The Assyrian capital of Nineveh was captured and burned by the Chaldeans in 612 BC. The Chaldean, or Neo‐Babylonian, Empire succeeded the Assyrian Empire in Mesopotamia. The empire reached the height of its power under King Nebuchadnezzar II (634–562 BC). Nebuchadnezzar II was a great builder. He transformed the city of Babylon into one of the most splendid cities of the ancient Near East. “In addition to its size,” Herodotus wrote, “Babylon surpasses in splendor any city in the known world.”

Nebuchadnezzar II invaded and conquered the southern kingdom of Judah in 597 BC. After taking Jerusalem, he deposed Jehoiakim (c. 635–598) and placed on the throne, a new king of his own choosing, Zedekiah (b. 618). When Zedekiah revolted and made an alliance with Egypt, Nebuchadnezzar II invaded and laid siege to Jerusalem. After an 18‐month siege, Jerusalem fell. The city and Solomon's Temple were razed to the ground. Zedekiah and several thousand prominent citizens were taken captive to Babylon. Zedekiah died in prison, but those who were taken captive with him endured 70 years of exile in Babylon. The period of the “Babylonian Captivity” became a defining moment in Jewish history.

The Chaldean Empire, impressive as it was, lasted less than a century. In 539 BC, a force of Medes and Persians led by a brilliant military strategist, Cyrus the Great (r. 559–530 BC), brought the curtain down on the Chaldean Empire with the capture of Babylon. Cyrus issued a decree allowing the Hebrew exiles to return to Judah. Many made “the return to Zion” over the next 110 years, where they enjoyed a measure of autonomy under Persian rule. When Cyrus' son Cambyses died in 522 BC, having added Egypt to the empire founded by his father, all of western Asia was under Persian rule. Darius the Great (550–486 BC) abandoned any further conquest, concentrating instead upon transforming the vast conquests into what many call the world's first modern empire.

Persia under Darius was the first empire to be administered by a royal bureaucracy. Darius divided his empire into provinces under the rule of royal officials known as “satraps.” Commerce was encouraged by a state‐issued coinage, an idea borrowed from the Lydians.
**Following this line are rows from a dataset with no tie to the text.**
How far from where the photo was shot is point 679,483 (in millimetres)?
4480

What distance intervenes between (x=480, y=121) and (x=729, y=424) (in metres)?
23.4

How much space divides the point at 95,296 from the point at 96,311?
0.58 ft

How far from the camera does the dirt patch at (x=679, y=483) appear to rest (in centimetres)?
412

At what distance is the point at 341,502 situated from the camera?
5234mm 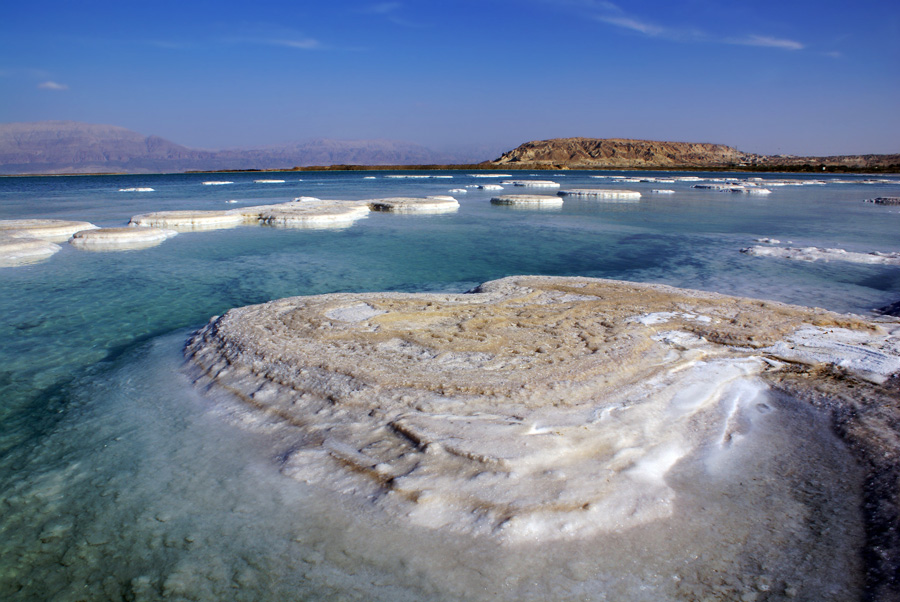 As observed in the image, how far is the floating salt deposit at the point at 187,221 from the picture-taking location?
13602mm

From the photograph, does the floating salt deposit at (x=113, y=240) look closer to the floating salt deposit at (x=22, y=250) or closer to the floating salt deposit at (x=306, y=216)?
the floating salt deposit at (x=22, y=250)

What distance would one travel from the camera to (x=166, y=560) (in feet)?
7.82

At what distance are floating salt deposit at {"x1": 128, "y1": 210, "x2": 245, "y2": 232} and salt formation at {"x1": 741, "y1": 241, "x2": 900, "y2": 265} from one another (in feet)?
42.1

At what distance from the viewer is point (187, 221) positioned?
13672 mm

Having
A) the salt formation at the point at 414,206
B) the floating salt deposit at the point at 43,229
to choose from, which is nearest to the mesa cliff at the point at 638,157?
the salt formation at the point at 414,206

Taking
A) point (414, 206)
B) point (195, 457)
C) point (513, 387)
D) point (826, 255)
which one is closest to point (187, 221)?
point (414, 206)

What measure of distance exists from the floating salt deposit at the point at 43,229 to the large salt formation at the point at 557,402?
8830mm

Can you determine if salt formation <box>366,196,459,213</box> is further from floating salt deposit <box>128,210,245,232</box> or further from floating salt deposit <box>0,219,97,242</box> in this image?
floating salt deposit <box>0,219,97,242</box>

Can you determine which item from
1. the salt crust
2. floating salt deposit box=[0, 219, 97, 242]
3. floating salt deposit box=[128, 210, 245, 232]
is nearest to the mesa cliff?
floating salt deposit box=[128, 210, 245, 232]

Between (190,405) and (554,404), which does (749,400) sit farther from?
(190,405)

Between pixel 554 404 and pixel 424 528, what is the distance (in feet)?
4.22

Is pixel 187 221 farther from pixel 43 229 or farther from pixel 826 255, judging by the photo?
pixel 826 255


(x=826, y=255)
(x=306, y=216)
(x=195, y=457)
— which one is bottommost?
(x=195, y=457)

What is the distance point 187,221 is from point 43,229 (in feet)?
9.95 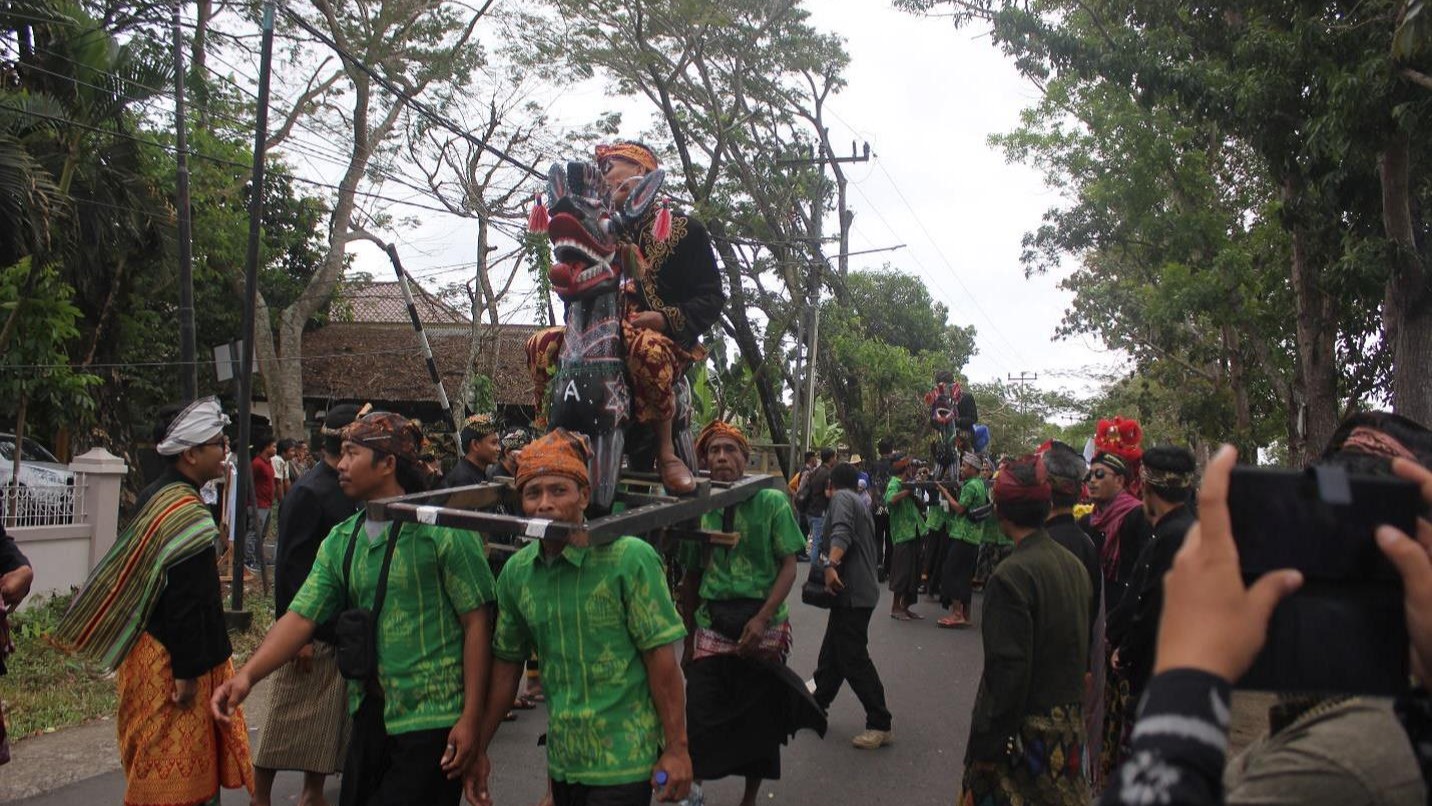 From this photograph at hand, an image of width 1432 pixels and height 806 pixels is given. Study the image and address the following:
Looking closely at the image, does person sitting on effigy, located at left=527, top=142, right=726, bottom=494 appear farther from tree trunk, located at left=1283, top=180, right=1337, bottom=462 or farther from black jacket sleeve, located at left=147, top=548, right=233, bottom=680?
tree trunk, located at left=1283, top=180, right=1337, bottom=462

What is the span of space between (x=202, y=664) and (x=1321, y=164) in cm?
1142

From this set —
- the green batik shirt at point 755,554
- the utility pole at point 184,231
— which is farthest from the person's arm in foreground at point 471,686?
the utility pole at point 184,231

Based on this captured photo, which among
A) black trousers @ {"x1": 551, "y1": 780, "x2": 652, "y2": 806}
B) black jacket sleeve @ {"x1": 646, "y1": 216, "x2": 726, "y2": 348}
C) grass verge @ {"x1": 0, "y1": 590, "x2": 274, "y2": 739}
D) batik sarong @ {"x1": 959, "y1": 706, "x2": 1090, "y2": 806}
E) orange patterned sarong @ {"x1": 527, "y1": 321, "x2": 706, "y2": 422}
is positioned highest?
black jacket sleeve @ {"x1": 646, "y1": 216, "x2": 726, "y2": 348}

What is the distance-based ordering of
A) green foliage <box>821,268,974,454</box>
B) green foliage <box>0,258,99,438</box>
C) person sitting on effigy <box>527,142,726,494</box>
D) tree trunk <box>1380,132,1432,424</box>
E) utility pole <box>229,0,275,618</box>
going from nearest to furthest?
1. person sitting on effigy <box>527,142,726,494</box>
2. utility pole <box>229,0,275,618</box>
3. tree trunk <box>1380,132,1432,424</box>
4. green foliage <box>0,258,99,438</box>
5. green foliage <box>821,268,974,454</box>

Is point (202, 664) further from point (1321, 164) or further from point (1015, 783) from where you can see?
point (1321, 164)

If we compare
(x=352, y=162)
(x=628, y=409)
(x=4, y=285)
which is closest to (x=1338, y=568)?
(x=628, y=409)

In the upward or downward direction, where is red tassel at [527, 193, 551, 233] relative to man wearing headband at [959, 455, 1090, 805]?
upward

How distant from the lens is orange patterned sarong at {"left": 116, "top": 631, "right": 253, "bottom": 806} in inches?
149

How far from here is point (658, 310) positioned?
4.59 meters

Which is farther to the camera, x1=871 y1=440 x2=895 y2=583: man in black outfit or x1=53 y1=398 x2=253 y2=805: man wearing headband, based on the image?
x1=871 y1=440 x2=895 y2=583: man in black outfit

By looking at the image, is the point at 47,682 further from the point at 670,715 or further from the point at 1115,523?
the point at 1115,523

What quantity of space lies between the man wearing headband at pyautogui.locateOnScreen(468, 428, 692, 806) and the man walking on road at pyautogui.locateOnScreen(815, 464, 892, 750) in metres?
3.22

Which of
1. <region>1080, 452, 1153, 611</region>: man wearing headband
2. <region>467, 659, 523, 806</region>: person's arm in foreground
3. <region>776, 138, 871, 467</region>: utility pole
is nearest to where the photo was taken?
<region>467, 659, 523, 806</region>: person's arm in foreground

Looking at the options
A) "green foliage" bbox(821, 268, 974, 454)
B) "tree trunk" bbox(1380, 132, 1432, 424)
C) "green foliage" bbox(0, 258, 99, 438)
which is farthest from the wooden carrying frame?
"green foliage" bbox(821, 268, 974, 454) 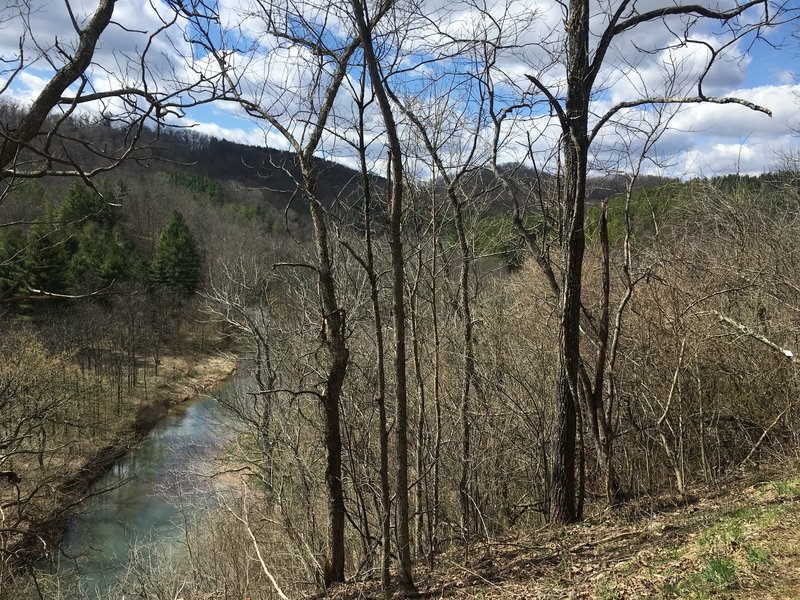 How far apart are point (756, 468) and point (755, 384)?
148cm

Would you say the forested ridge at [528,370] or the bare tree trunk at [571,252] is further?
the forested ridge at [528,370]

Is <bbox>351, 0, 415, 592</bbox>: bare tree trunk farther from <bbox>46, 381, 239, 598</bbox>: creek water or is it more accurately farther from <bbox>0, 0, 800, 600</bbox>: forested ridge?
<bbox>46, 381, 239, 598</bbox>: creek water

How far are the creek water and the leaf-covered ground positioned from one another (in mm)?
8916

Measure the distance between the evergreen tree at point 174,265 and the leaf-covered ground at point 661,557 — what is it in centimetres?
4315

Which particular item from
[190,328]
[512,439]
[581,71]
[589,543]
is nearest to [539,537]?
[589,543]

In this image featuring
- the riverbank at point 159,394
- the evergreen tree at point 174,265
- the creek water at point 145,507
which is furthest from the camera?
the evergreen tree at point 174,265

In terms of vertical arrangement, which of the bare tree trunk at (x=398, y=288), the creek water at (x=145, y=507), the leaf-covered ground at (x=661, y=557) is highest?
the bare tree trunk at (x=398, y=288)

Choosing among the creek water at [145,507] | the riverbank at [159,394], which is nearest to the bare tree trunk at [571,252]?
the creek water at [145,507]

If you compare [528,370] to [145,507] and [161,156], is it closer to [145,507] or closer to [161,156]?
[161,156]

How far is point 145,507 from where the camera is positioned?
19594 millimetres

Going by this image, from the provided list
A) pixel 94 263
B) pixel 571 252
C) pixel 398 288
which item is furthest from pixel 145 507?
pixel 94 263

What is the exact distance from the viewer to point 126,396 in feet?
101

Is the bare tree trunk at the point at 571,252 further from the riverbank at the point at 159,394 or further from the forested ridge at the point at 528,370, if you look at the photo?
the riverbank at the point at 159,394

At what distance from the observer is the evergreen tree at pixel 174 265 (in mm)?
45125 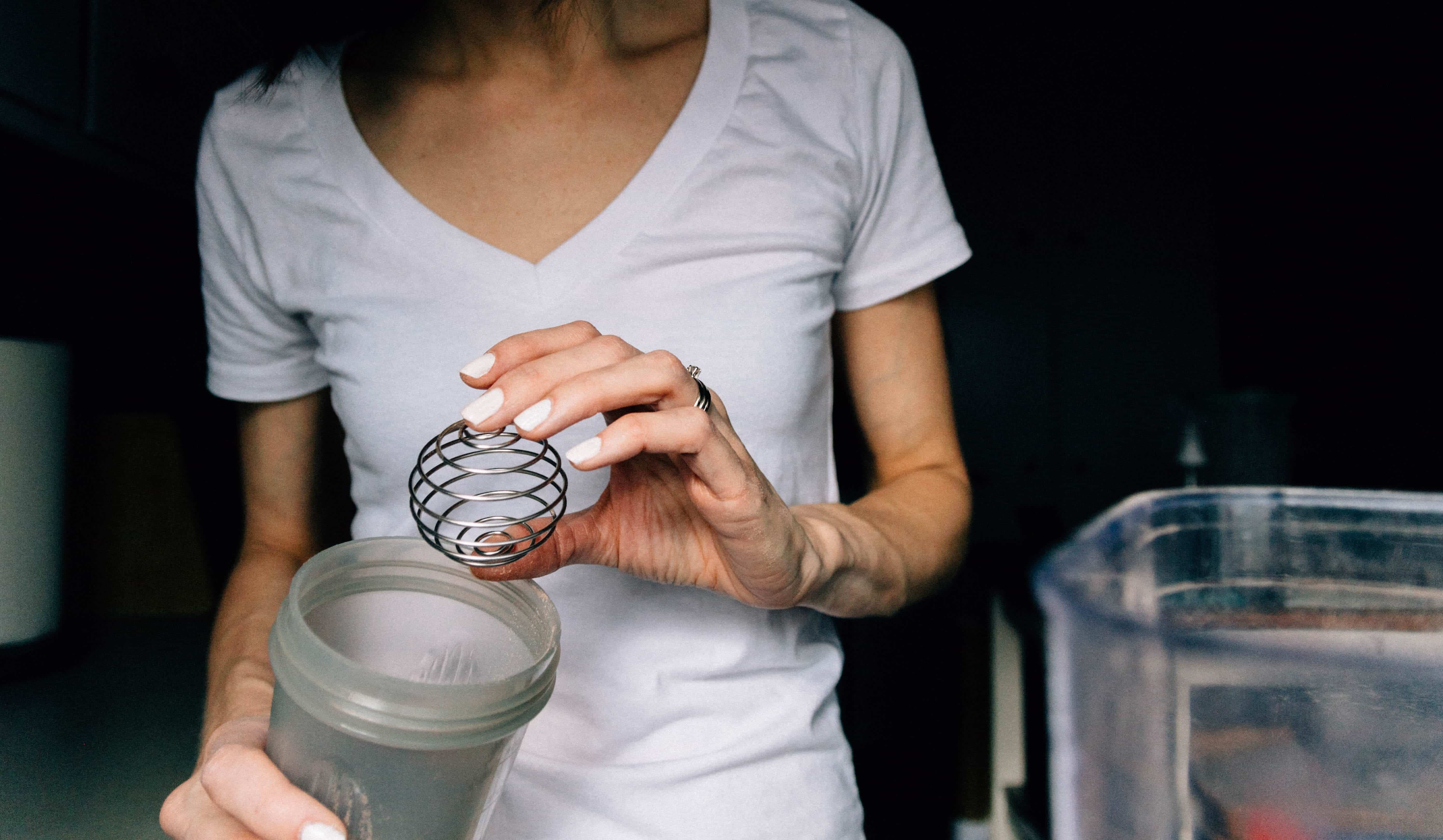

Lydia was a wealthy kingdom in west‐central Anatolia (modern Turkey). Many believe that the Lydians were the first to mint coins. Cyrus the Great conquered Lydia in 546 BC. Along with the standardized coinage went a common system of weights and measures. A system of roads, including the Royal Post Road, which stretched from Ephesus on the Aegean Sea to Susa near the Persian Gulf, encouraged commerce and unified the empire. A canal linking the Red Sea with the Nile River, originally dug by the Egyptians but since allowed to fill with sand, was reopened. Aramaic became the official language throughout the empire. Zoroastrianism, a dualistic religion that stressed ethics while rejecting blood sacrifices, polytheism, and temple worship, became a universal faith, transcending both the state and the people that gave it birth, thus further unifying the Persian Empire.

The expansion of the Persian Empire through Asia Minor to the Aegean coast brought the Persians into contact with the Greeks. The so‐called Persian Wars between 499 and 479 BC, and the subsequent conquest of the Persian Empire by the youthful Alexander the Great of Greece, spread Greek culture throughout the ancient world from Egypt and Greece in the west to the Indus River in the east. It remained for the Romans to complete the mission by unifying the whole of the Mediterranean world, and then pass both the Judeo‐Christian and Greco‐Roman traditions on to Europe after the fall of the Roman Empire in the West in AD 476.